I Will Bring A Lantern

 

Mary Jo Loebig, O.C.D.

 

Some years ago, or once upon a time, as all good stories begin, our diocesan newspaper had the custom of filling their Christmas issue with Christmas stories, (many of them), even with pictures to offset them.  It seemed that, for a brief time, the usual news receded and bowed to a much bigger event.  I always looked forward to this issue.  Periodically, we all need a good story where the chief character or characters struggle with the vicissitudes of life, where someone or some circumstance intervenes to assuage the struggle and where all ends well, even better than it was at the beginning.  If there is an element of surprise, so much the better.

 

     In looking for a Christmas story, I chanced, again, upon O. Henry’s Gifts of the Magi.  It is a story, of course, that most of us probably read for the first time in High School.  Even though it may be quite familiar to many of our readers, we will tell it, again, just to get into the Christmas spirit.  If a story is really good, most people do not mind hearing it again.  Many times, something happens in the retelling.

 

Gifts Of The Magi

 

One dollar and eighty-seven cents!  That is all Della had, and tomorrow was Christmas.
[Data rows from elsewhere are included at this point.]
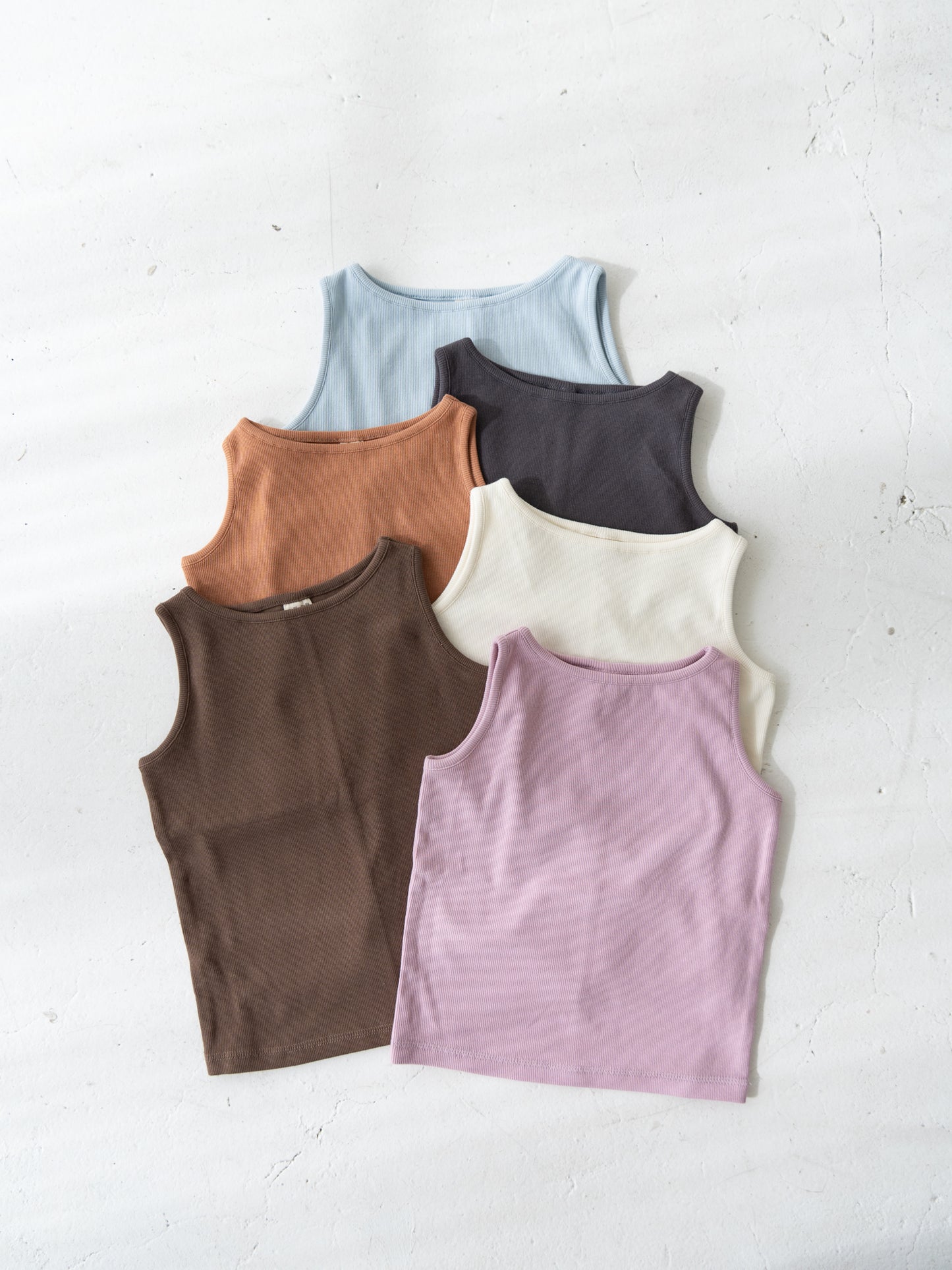 Ribbed sleeveless  (RRP: 169 RMB)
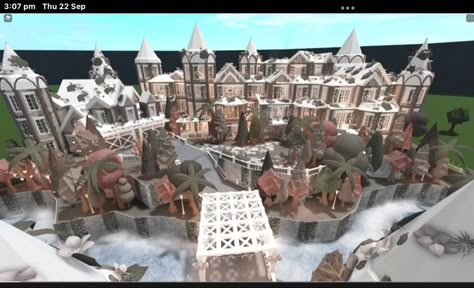 Huge Bloxburg House, Castle Bloxburg Ideas, Blocksburg Castle, Roblox Bloxburg Castle, Roblox Bloxburg Castle Layout, Alaska Violet Bloxburg House, Castle Ideas Bloxburg, Bloxburg Castle Layout Large Plot, Bloxburg Theme Park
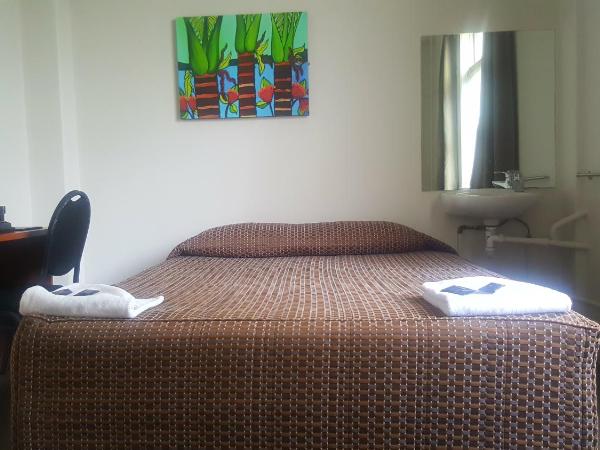 Kiwi International Hotel : photo 3 de la chambre chambre double ou lits jumeaux Économique avec salle de bains commune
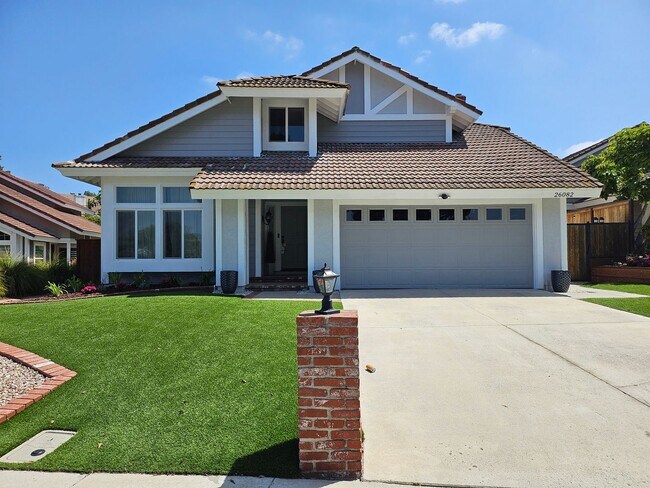 Photo - Pool Home 4 Bedroom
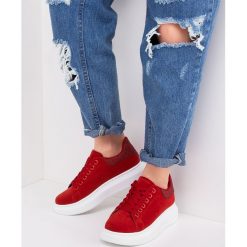 Buty sportowe damskie N/M 2018-66 Czerwone. Czerwone buty sportowe damskie N/M, bez wzorów, z tkaniny, sportowe, trekkingowe. Za 84,00 zł.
She had only $1.87 with which to buy Jim a present.  Then it came to her like a flash.  There were two possessions that meant much to both Della and Jim.  One was Jim’s gold watch that had been his father’s and grandfather’s.  The other was Della’s hair, which reached below her knees. Della knew what she would do.  She would sell her hair.  With that, she put on her old brown jacket and her old brown hat, and fluttered out the door.

 

     Della saw the sign: “Hair Goods of All Kinds.” Out of breath, Della asked: “Will you buy my hair?” “Take off your hat, and let’s have a look,” came the reply.  “Twenty dollars,” said the woman, lifting the lovely brown cascade with a practiced hand.  “Give it to me quick,” said Della.

 

     For the next two hours, Della ransacked the stores for Jim’s present, finding it at last - a simple and beautiful gold chain for his watch.  The price was twenty-one dollars.  With that, Della hurried home with the 87 cents.

 

     Reaching home, Della took out her curling iron.  In a short time, her head was filled with ringlets, much like that of a schoolboy.  Jim was never late.  When she heard him on the stairs, she whispered a prayer: “Dear God,” she prayed, “ make him think I am still pretty.”  Jim opened the door and stood there stunned.  “Jim, darling, she cried, “I had my hair cut off and sold it because I could not have lived through Christmas without giving you a present.  Maybe the hairs on my head are numbered, but no one could ever count my love for you.” Jim took his Della in his arms.

 

     Jim placed a package on the table.  “Unwrap the package, “ he said.  Della tore at the strings and paper.  She let out an ecstatic scream of joy.  There lay a set of beautiful combs for her now vanished hair - combs with jeweled rims.  She hugged them to her bosom.  Excitedly, she thought of Jim’s present. With that, Della held out the chain upon her open palm.  Softly, and with a smile, Jim whispered, “Della, I sold the watch to buy the combs.”  The story pretty much ends here.*

 

     O. Henry seems to think that the magi of old invented the custom of gift giving. He also implies that, in his opinion, these two young people were wiser than the magi. They realized that in gift-giving one gives the other what they think the receiver would really like.  However, there is the added note.  The giving involves a sacrifice from the giver. As I prayed over this story, I wondered what I would bring to the crib this Christmas.  What is it that means the most to me?  It may well be something that I have waited years to give.

 

      We have a tendency to think that Christmas is an event that happened long ago and something outside of our everyday life.  Still, we know that Christmas is all about God entering into everything that is human.  What part of my reality is the stable God wishes to enter this Christmas?   I wonder, too, what would be good to give this Child, who, indeed, is too little to know what gift to ask for.  What will he need later on?  Perhaps a gold ring would be fitting, a ring that will fit his finger when he grows to be a tall boy, a ring that will be a constant reminder that God is always with him.  And Mary and Joseph?  For some reason, I would like to give them a lantern, the old fashioned kind, the kind farmers used years ago in Iowa, a lantern that would show them the way. My plan would be to attach a note of encouragement for what lies ahead, all those joys and struggles that go with being human.

 

     Something new and vibrant happens each Christmas.  God, too, is pondering what to give each one of us.  What is my deepest wish?  More importantly, what is it that God wants to give me?  I  shall, indeed,  look for it on Christmas morning.

 

    * For a complete rendition of this story, see A Christmas Treasury. Edit. Jack Newcombe. (New York: The Viking Press, 1982) p. 209.